We are frequently retained to combat insurance fraud on behalf of insurers in three separate contexts. First, on behalf of insurers, we conduct the examination under oath of their own insureds, shortly after a claim is made. Second, we defend insurers in cases where an insurer or third party has instigated civil proceedings, and where the insurer alleges that the claim is either wholly or partly fraudulent. Third, we subrogate against service providers on behalf of insureds and insurers, where an insurer has paid out on a loss based on a fraud.
Examinations Under Oath
Examinations under oath are sought by insurers most often in personal injury and property claims. In personal injury claims, vigilant insurers request examinations under oath of their insureds where the information they receive in the accident benefit process from their insured and from third parties is not independently verifiable, and where an insured fails to provide adequate information to support his or her request for benefits. The authority for examinations under oath in the personal injury context is found in the Insurance Act.
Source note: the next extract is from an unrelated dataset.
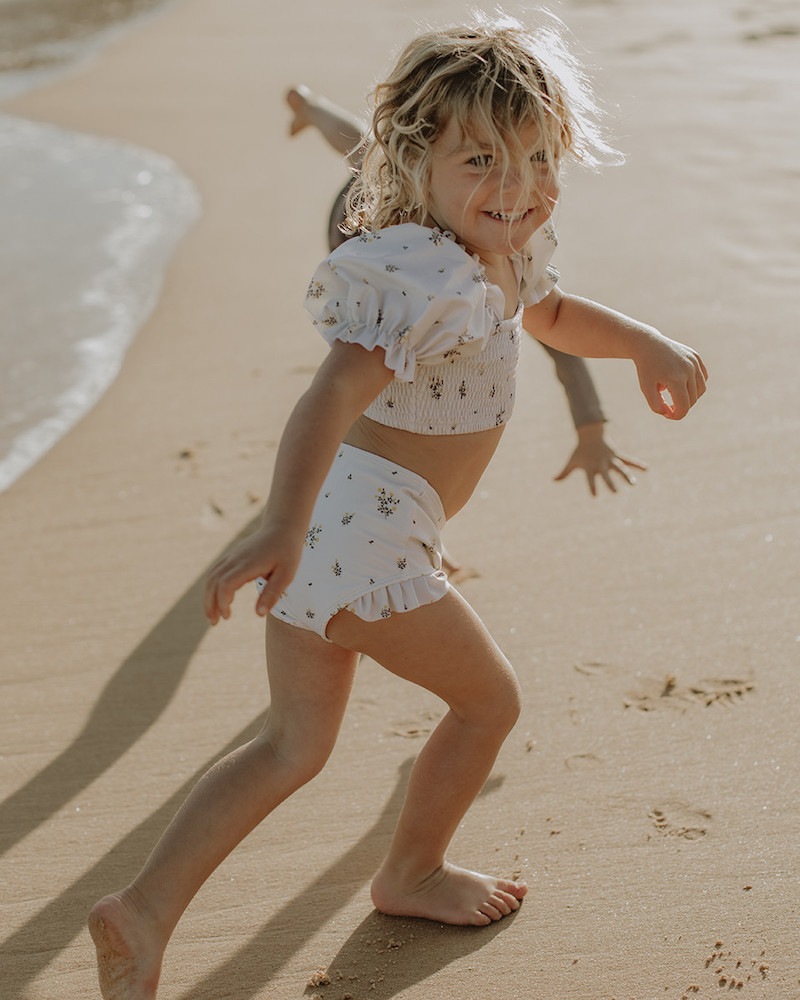 swimsuit daughter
In the property context, vigilant insurers request examinations under oath when the circumstances of a claim appear suspicious and where the insured or third parties fail to provide proper information and documentation to support an insured’s claims. The authority for examinations under oath in the property context is found in the insurance contract itself.
Often, the examination under oath process reveals an innocent insured who simply fails to understand his or her obligation to provide the insurer with sufficient information. In other cases, the examination under oath process uncovers exaggerated or even outright fraudulent claims. Either way, the examination under oath process is often a good investment for insurers.
Defence of Fraudulent Claims
From time to time, insurers refuse to provide coverage for personal injury and property claims based on their own investigations, examinations under oath results, and based on the claims review process. When this happens, an insured may bring an action seeking judgment against their own insurer for their loss. Often, such claims include an allegation of bad faith against an insurer, and a plea for punitive damages. In response to such claims, an insurer may claim a variety of defences, including alleging fraud by virtue of the insured being responsible for their own loss.
Subrogation and Recovery Claims
At Investigation Counsel, we have successfully alleged fraud against third parties and have obtained recovery for insurers. For example, an auto body company issued a claim against an insurer and their insured for failing to pay its invoices relating to the repairs of an insured’s vehicle. The insurer paid its insured for the loss, but then sued the auto body company alleging fraud, including particulars that the auto body company had caused additional damage to the insured’s vehicle while it was in their possession. On the eve of trial, the auto body company paid the claim, including punitive damages. The costs for litigating the matter were ordered to be assessed against the auto body company.